The first thing that Brian does when brewing is a yeast starter. There is a magnet inside the liquid and it spins around stirring the liquid. Those bits are yeast particles spinning around.
My part in the brewing process was to gather the hops. That required getting out the ladder and plucking off hop cones. (I promised myself I would never have photos of me on this blog, but Brian took some photos that I am in, so I am doing my best to crop myself out!)
Some of the hop cones were small and some were pretty large.

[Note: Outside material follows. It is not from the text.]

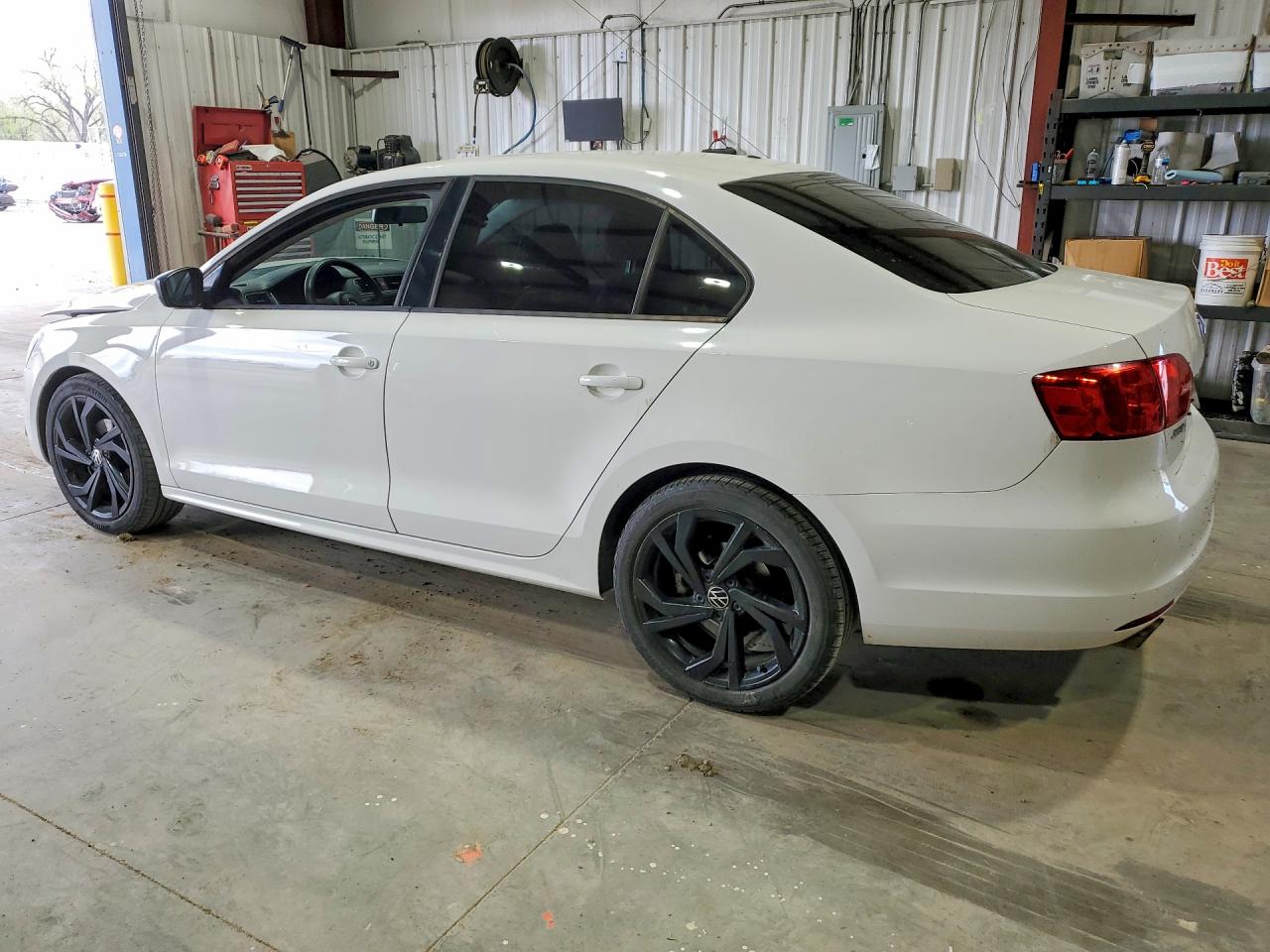 2012 Volkswagen Jetta Base White vin: 3VW2K7AJ1CM387692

The next thing that I did was to weigh the hops. Brian wanted about one pound of hop cones, and we ended up with a little less than thirteen ounces.

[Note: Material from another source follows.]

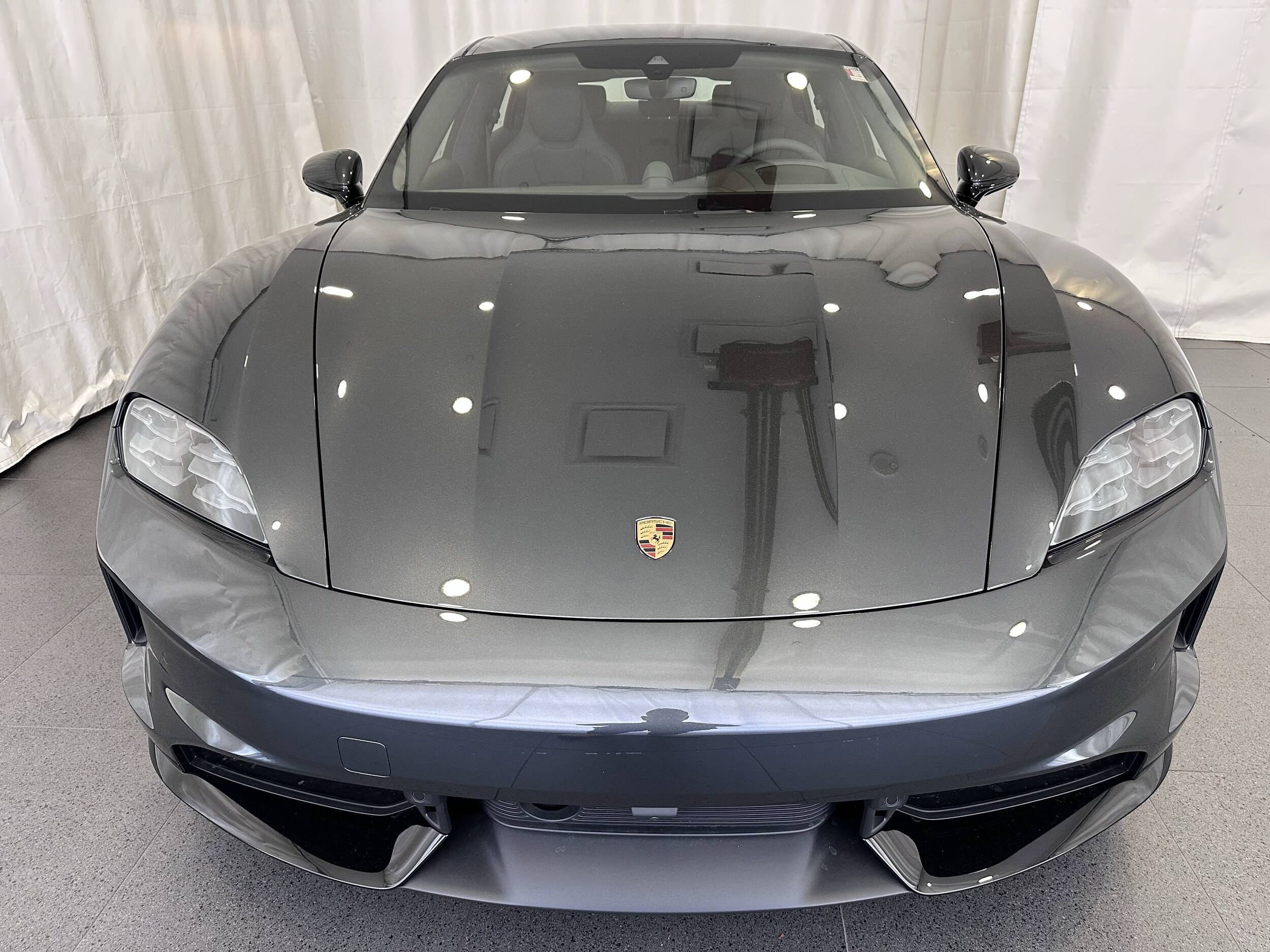 2025 Porsche Taycan GTS photo 4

Brian is showing the interior of a hop cone here.
My final contribution to the brewing process was to stuff the hops into two mesh bags, about 6 oz. each.
Brian brews in the shed (well, we often call it a shed, but it is more like a workshop with a loft). He keeps the door open while brewing for ventilation. This photo shows his brewing rig.
The recipe and some of Brian’s mad-scientist brewing stuff.
At the end of the brewing process, Brian added the mesh bags of hops to the boil.
The thing about brewing beer is you can’t drink it right away. It has to ferment. The Harvest Ale fermented about 4 weeks. I can honestly say, the finished product is delicious. An excellent beer. And it tastes even better if you’re drinking it in the garden!
Brian is talking about doing a dry-hopped beer with our hops next year. Something to look forward to!
This is the recipe that Brian used for the wet-hopped Harvest Ale:
Wet Hop Ale 2015
8-B American Pale Ale (BJCP 2015 Guidelines)
Size: 5.25 gal
Calories: 221.92 kcal per 16.0 fl oz
Original Gravity: 12.49°P / 1.050
Terminal Gravity: 2.58°P / 1.010
Color: 11.63 SRM
Alcohol: 5.29% ABV
Bitterness: 47.3 (Tinseth)
82.5% Pale Ale (8.7 lb)**
9.5% Rye Malt (1 lb)**
6.8% Vienna Malt (11.5 oz.)**
2 oz Roasted Barley (added @ vorlauf for color only)
.5 oz Centennial (9.3%) @ 60m
.5 oz Chinook (13.1%) @ 60 m
1 tsp Wyeast Nutrient @ 10 m
1 ea Whirlfloc Tablets (Irish moss) @ 10 m
1 ea Servomyces @ 10 m
6.25 oz Cascade WET HOPS (1%) @ 5 m
6.25 oz Cascade WET HOPS (1%) @ 0 m (flameout)
Clarity-Ferm (10ml) - added dry to primary fermenter
White Labs WLP007 Dry English Ale
Single-infusion mash @ 149ºF
MASH WATER TARGETS
Ca 120 ppm
Mg 3 ppm
Na 8 ppm
SO4 239.2 ppm
Cl 52 ppm
HCO3 19 ppm
SO4/Cl Ratio 5.6
Target Mash pH: 5.4
2L starter / target 185 billion cells
Pitch: 65ºF (probe ON fermenter)
Day 5: 75ºF (probe OFF fermenter)
Day 10: 40ºF
Day 12+: fine w/ gelatin (beer must be < 50ºF)
Day 16+: rack
** The amounts in parenthesis are the amounts Brian used, based on his mashtun efficiency (73.5). He says that you can use the percentages and OG to scale the recipe to your specific brewing system.